Matthew J. White, in his 2012 book The Great Big Book of Horrible Things, estimates the total Bengali civilian death toll at 1.5 million.

In October 1997 R. J. Rummel published a book, which is available online, titled Statistics of Democide: Genocide and Mass Murder Since 1900. In Chapter 8, Statistics Of Pakistan's Democide - Estimates, Calculations, And Sources, he states:

In East Pakistan (now Bangladesh) also planned to murder its Bengali intellectual, cultural, and political elite. They also planned to indiscriminately murder hundreds of thousands of its Hindus and drive the rest into India. And they planned to destroy its economic base to insure that it would be subordinate to West Pakistan for at least a generation to come. This despicable and cutthroat plan was outright genocide.
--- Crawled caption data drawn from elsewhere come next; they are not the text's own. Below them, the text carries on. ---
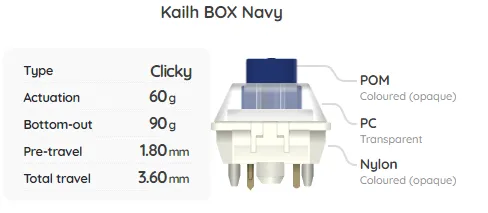 Build Your Own Mechanical Keyboard Switch Sampler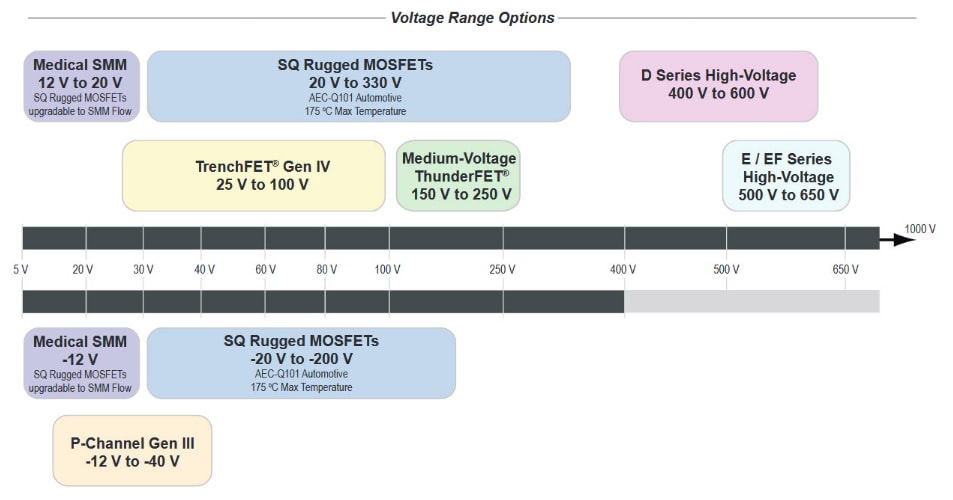 Tabelle - Vishay / Siliconix Vishay Siliconix Power MOSFETs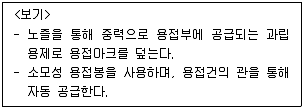 9급 지방직 공무원 서울시 기계일반 2022년 1회 7번 문제 그림
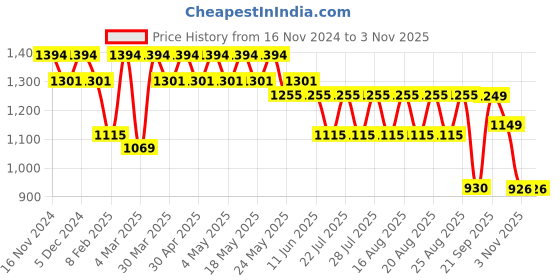 myntra.com El Paso Women Block-Heeled Chelsea Boots el paso Price History Graph from 16 Nov 2024 to 3 Nov 2025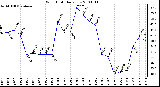 Milwaukee Weather Wind Chill Daily Low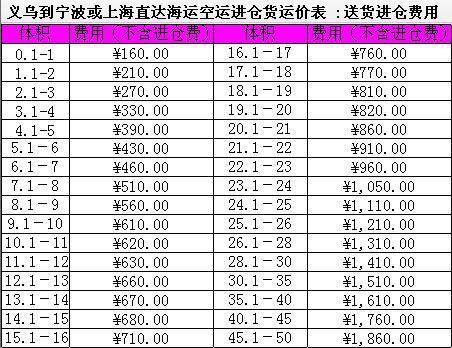 宁波物流公司新风向:数字化带来物流效率革命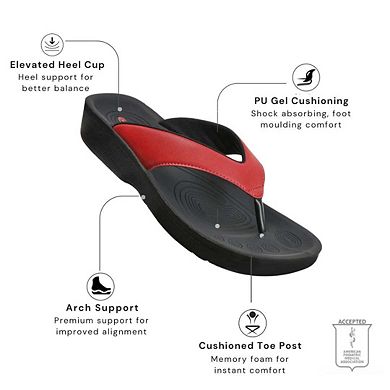 Aerothotic Flumen Women's Cushioned Arch Support Sandals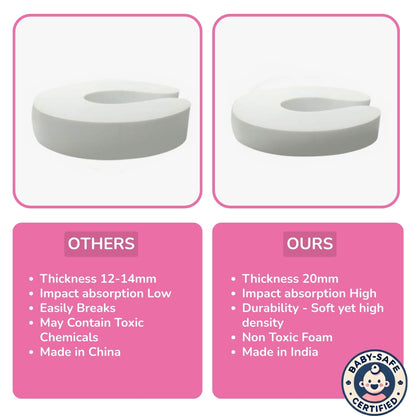 Fruit Shape Baby Safety Door Guard for Kids to prevent Finger Pinching (Set of 4)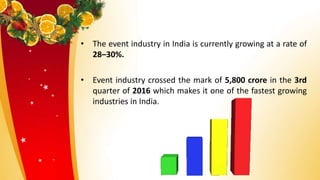 • The event industry in India is currently growing at a rate of
28–30%.
• Event industry crossed the mark of 5,800 crore in the 3rd
quarter of 2016 which makes it one of the fastest growing
industries in India.
 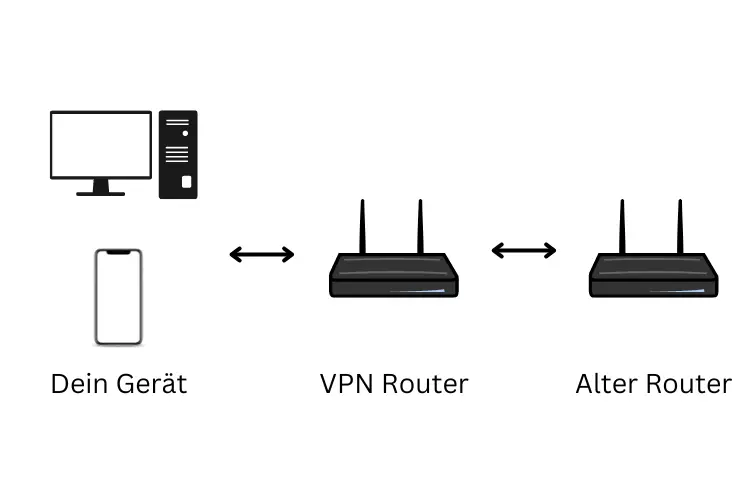 Unterst tzen Alle Router VPNs Gekl rt Tippsling
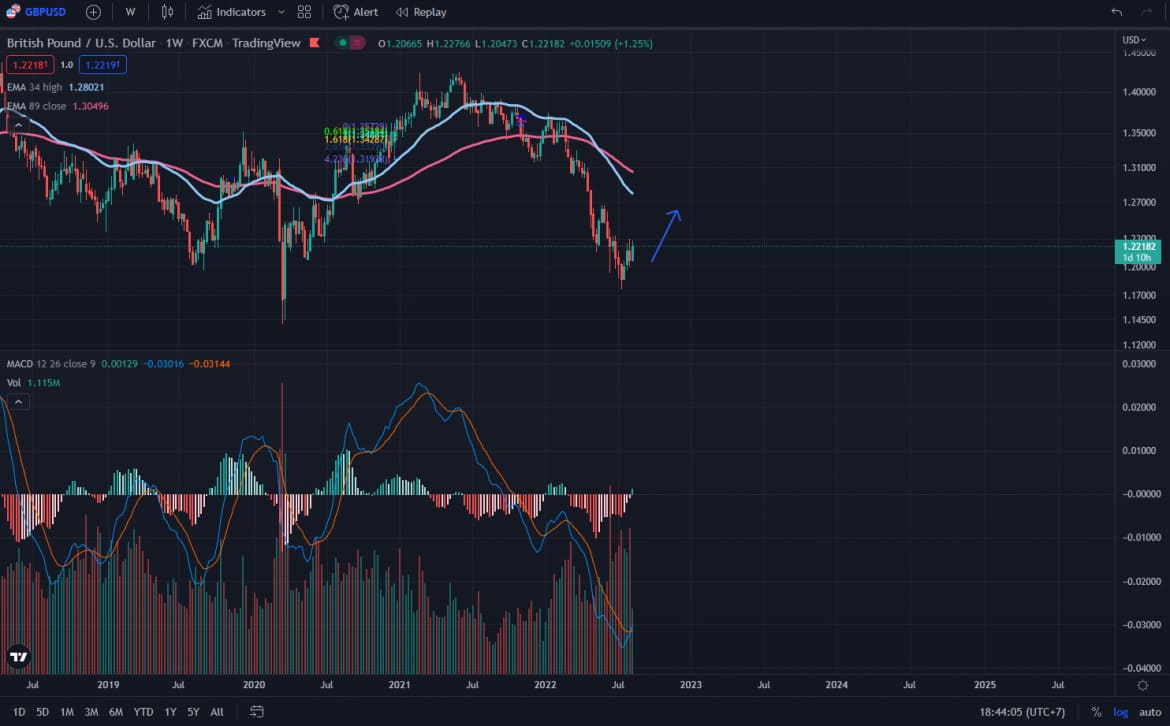 thị trường Forex Tháng 8 tỷ giá GBP/USD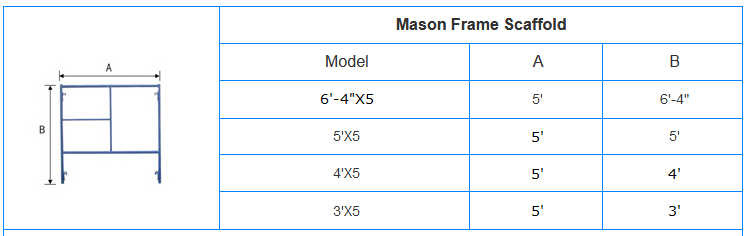 Mason frame
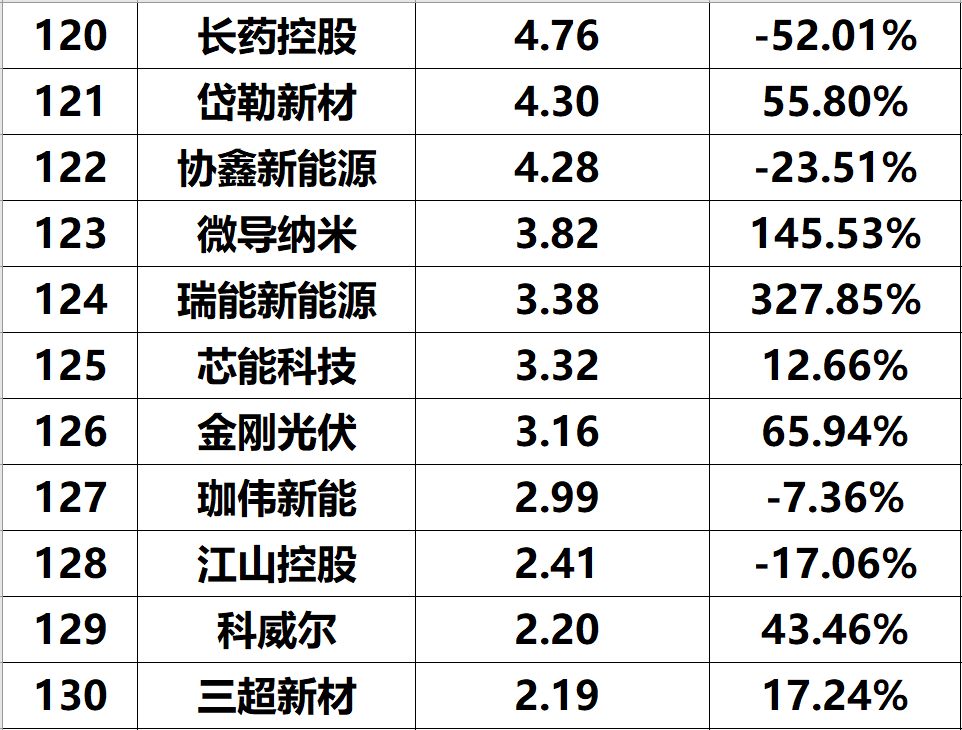 2023年上半年光伏企业净利润与综合实力排名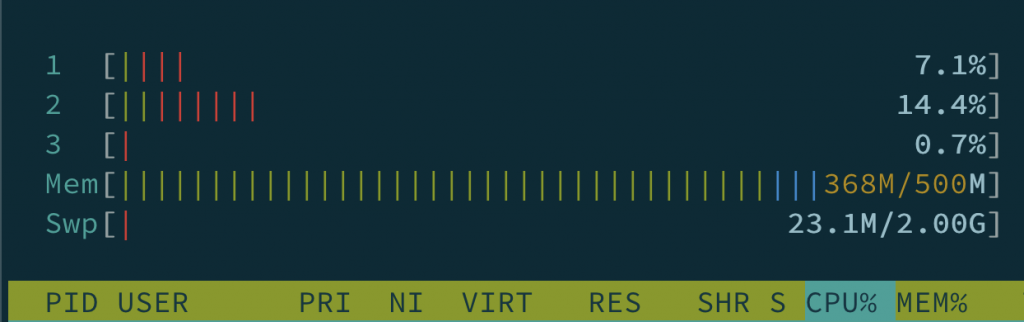 htop.png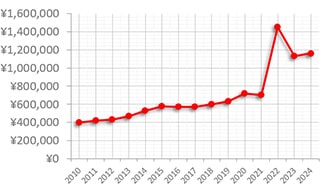 ロレックス ミルガウス ref.116400GV 買取価格の推移グラフ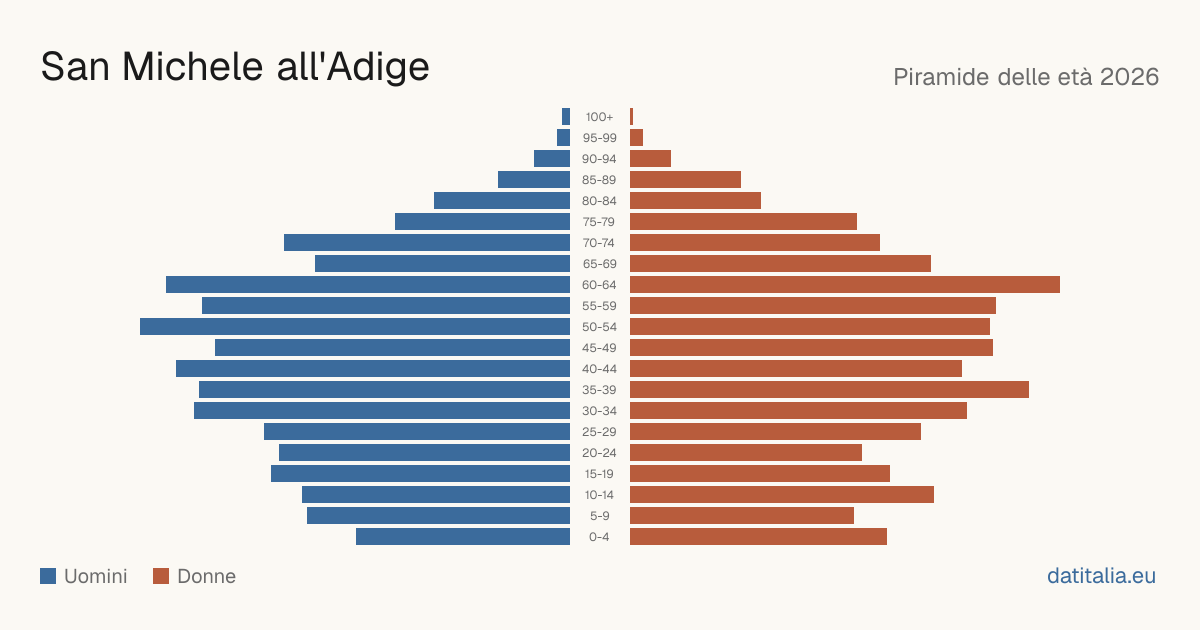 Population pyramid of San Michele all'Adige — DatiItalia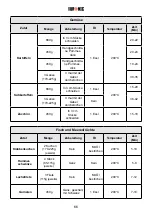 Предварительный просмотр 67 страницы Duronic AF24 Instructions Manual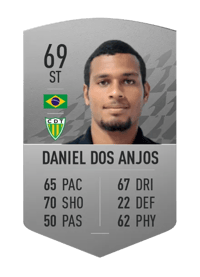 Daniel dos Anjos Common 69 OVR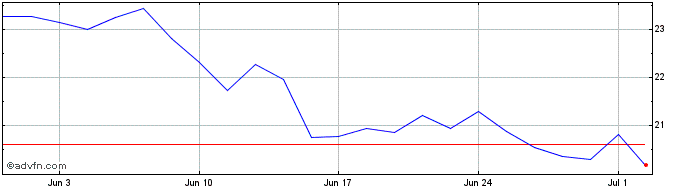 1 Month Elis Share Price Chart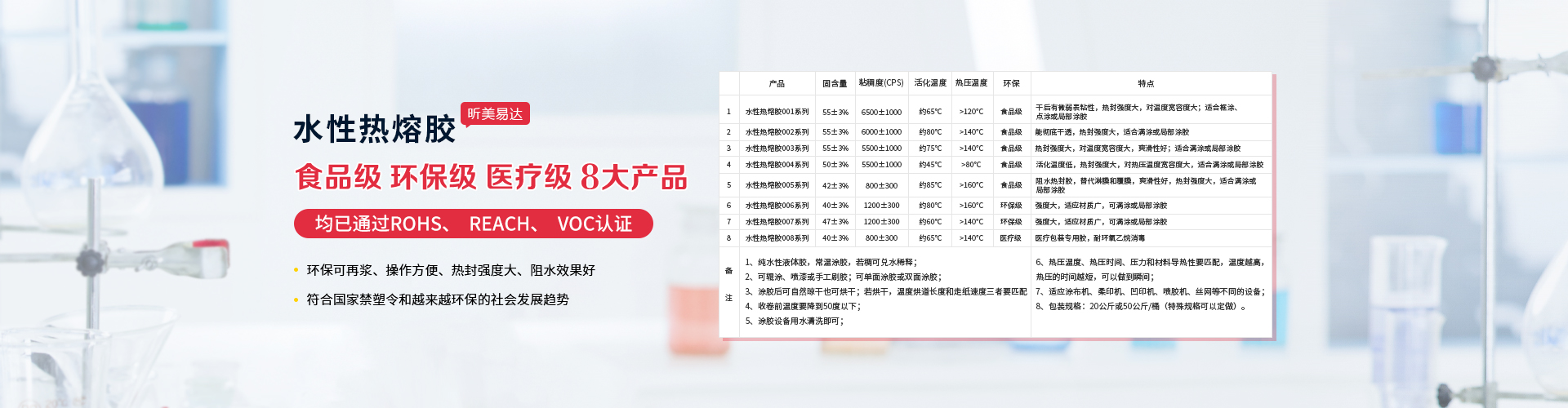 kaiyun188
专业生产水性胶,胶水等系列产品.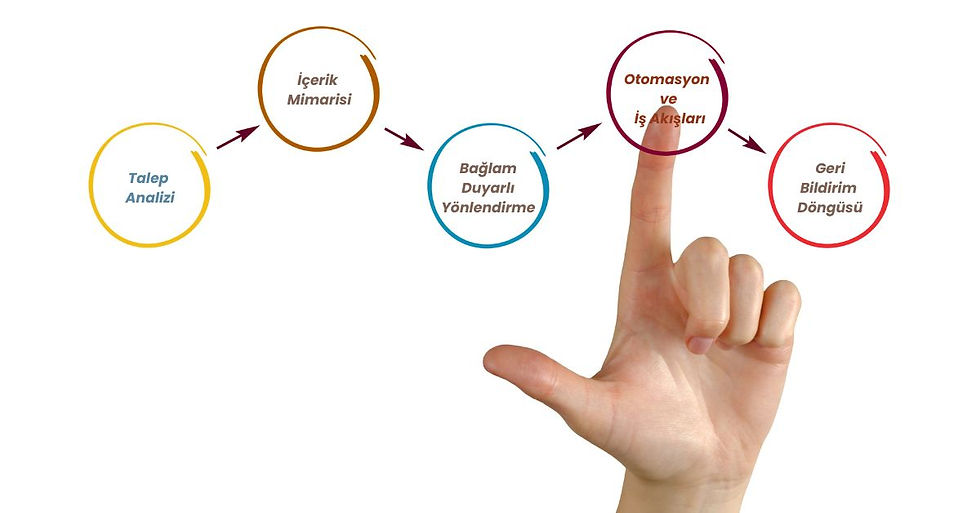 Müşteri deneyimi yönetiminde defleksiyon stratejisinin uygulama adımlarını gösteren grafik: Talep analizi, içerik mimarisi, bağlam duyarlı yönlendirme, otomasyon, geri bildirim döngüsü.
Rummel goes on to collate what he considers the most credible estimates published by others into what he calls democide. He writes that "Consolidating both ranges, I give a final estimate of Pakistan's democide to be 300,000 to 3,000,000, or a prudent 1,500,000."

The Office of the Historian of the United States Department of State held a two-day conference in late June 2005 on U.S. policy in South Asia between 1961 and 1972. According to a newspaper report published in both Pakistani and Bangladeshi newspapers, Bangladeshi speakers at the conference stated that the official Bangladeshi figure of civilian deaths was close to 300,000, which was wrongly translated from Bengali into English as three million. Ambassador Shamsher M. Chowdhury acknowledged that Bangladesh alone cannot correct this mistake and suggested that Pakistan and Bangladesh should form a joint commission to investigate the 1971 disaster and prepare a report.